Deploying DER creates a vast demand for medium to small-sized gas turbines, microturbines and gas internal combustion engines. These needs present an opportunity for international suppliers. While DER does not account for a large proportion of cogeneration, it maintains a fast growth rate.
Power company Huadian has announced several gas DER projects for a pipeline located in Guangdong and Jiangsu, most of which are for combined heat and power. Funding for these types of projects usually comes from power group equity investment and bank loans.

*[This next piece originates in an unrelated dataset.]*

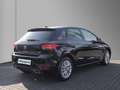 SEAT Ibiza 1.0 TSI FR /Navi/LED/ACC/RFK/Full-Link/DAB Schwarz - thumbnail 4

Figure 2. China CHP equipment market segments Source: GCiS
Currently, most of China’s DER projects are found in coal bed methane applications in mining, and in gas-fired uninterruptible power supplies for public buildings. However, this may well change if China realizes its target of 50 GW of gas-fired DER by 2020. Current installation capacity stands at 5 GW.
Ambitious as this may sound, multinationals and state-owned power groups are moving on it. GE and Huadian formed a joint venture company after President Hu Jintao’s visit to the United States in 2011, where he saw GE’s aeroderivative gas turbines. The efficiency and durability of Chinese equipment is far behind foreign products.
Financially, the unit cost of small gas turbines and internal combustion engines remains an obstacle for DER deployment. Integration with the grid may not be an immediate problem but when installation capacity reaches a higher level, it could potentially inhibit further development of small-scale power generation. This has happened for China’s wind and solar farms.
Figure 2 illustrates the size of the market segments for cogeneration equipment within China.
Emissions reduction and energy efficiency initiatives are the major drivers behind China’s cogen equipment market. In addition to adopting alternative energy, both local and central governments have the incentive to implement cogeneration when building new power plants or retrofitting old ones.
With foreseeable economic growth rates as high as 8%, China is facing 30–40 GW of annual electricity shortages. Cogeneration will continue to contribute to overcoming this problem. It enables stable economic growth with a more efficient and balanced fuel consumption.
Even though Chinese companies are playing catch up with foreign suppliers’ technology, the latter must build joint venture corporations with domestic partners to further penetrate the market. Achieving the right balance of technology transfer and commercialization spells big things for this market.